##### GIVEN MATERIAL #####
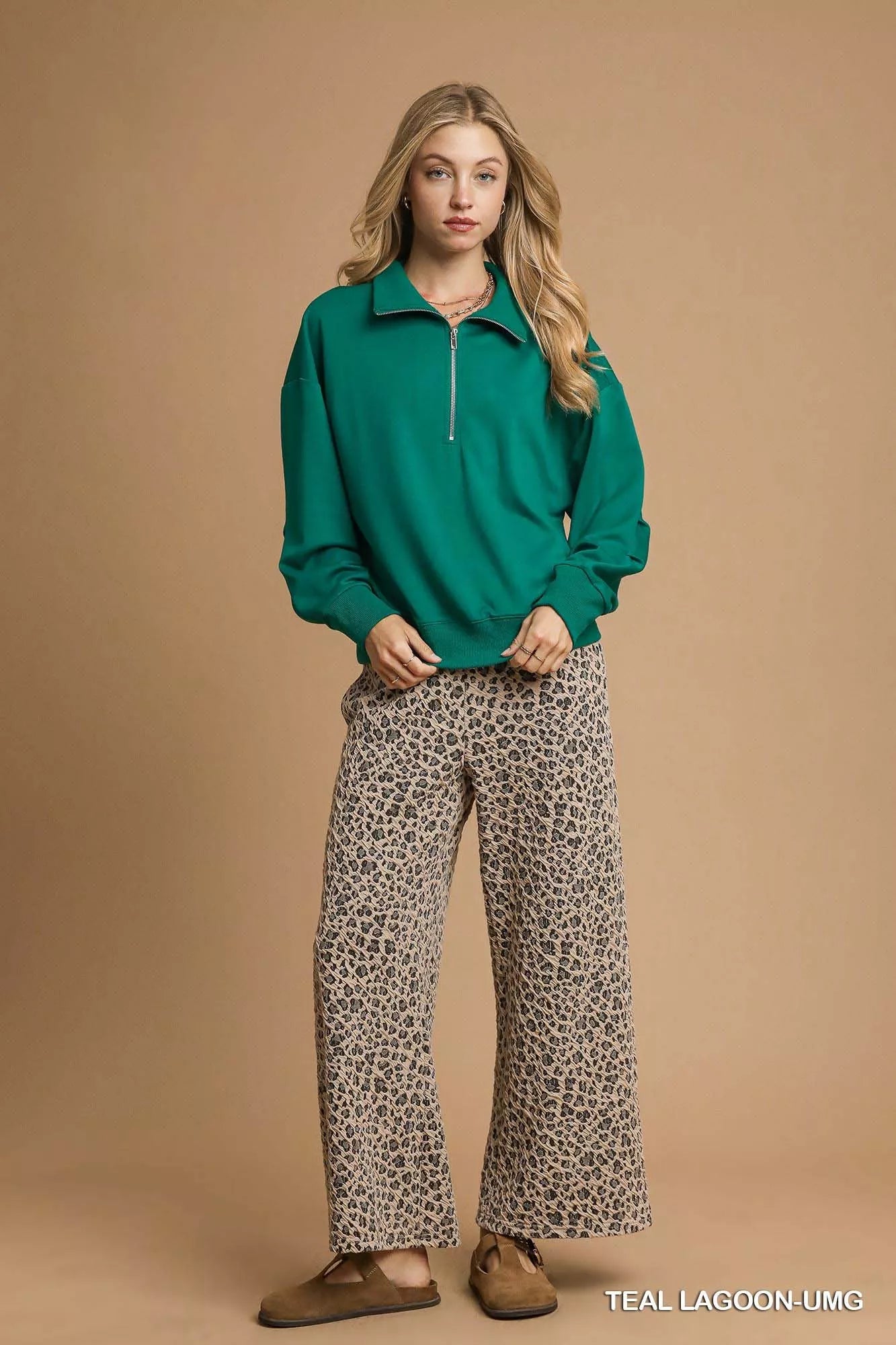 Umgee Half Zip Drop Shoulder Sweatshirt OutfitFlow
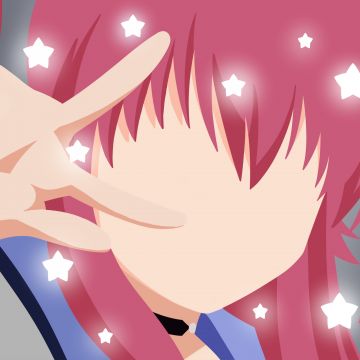 Yui, Angel Beats!, Minimalist, Pink hair, Stars, Faceless, Anime girl, Girly backgrounds, 5K, 8K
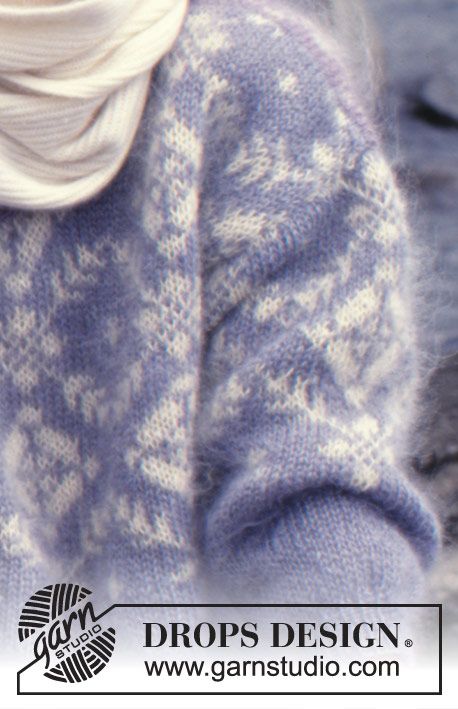 Polar Blues / DROPS 27-7 - Free knitting pattern Schematic Drawing, Snowflake Sweater, Ice Crystals, Free Knitting Patterns, Cast Off, Crochet Diagram, Sweater Knitting Patterns, Work Tops, Free Knitting Pattern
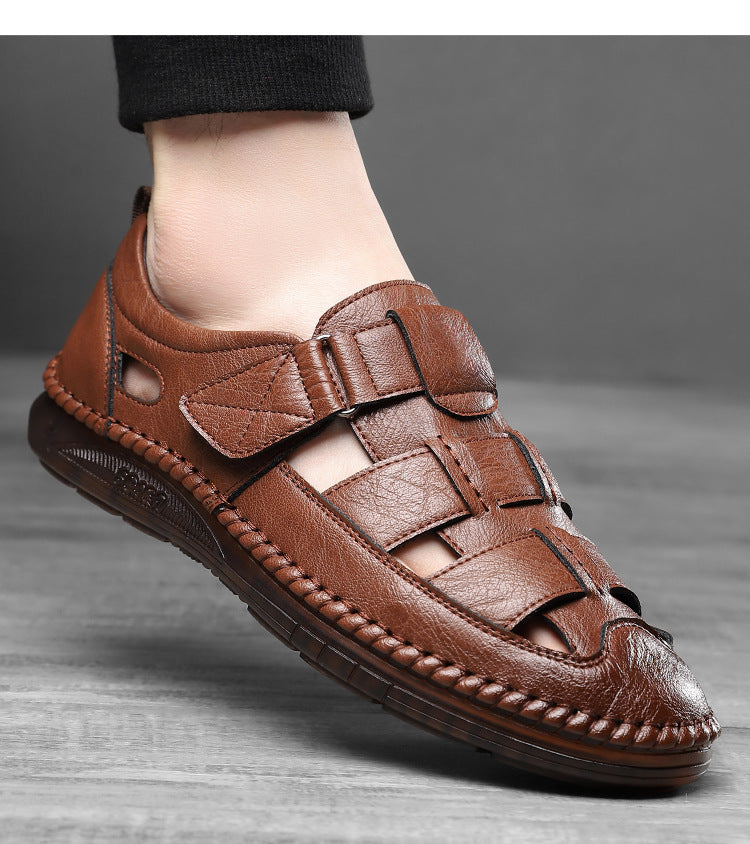👞 Men's New Style Leather Sandals with Closed Toe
#####
Give back all of the material exactly, though without the images it contains.

 Umgee Half Zip Drop Shoulder Sweatshirt OutfitFlow
 Yui, Angel Beats!, Minimalist, Pink hair, Stars, Faceless, Anime girl, Girly backgrounds, 5K, 8K
 Polar Blues / DROPS 27-7 - Free knitting pattern Schematic Drawing, Snowflake Sweater, Ice Crystals, Free Knitting Patterns, Cast Off, Crochet Diagram, Sweater Knitting Patterns, Work Tops, Free Knitting Pattern
👞 Men's New Style Leather Sandals with Closed Toe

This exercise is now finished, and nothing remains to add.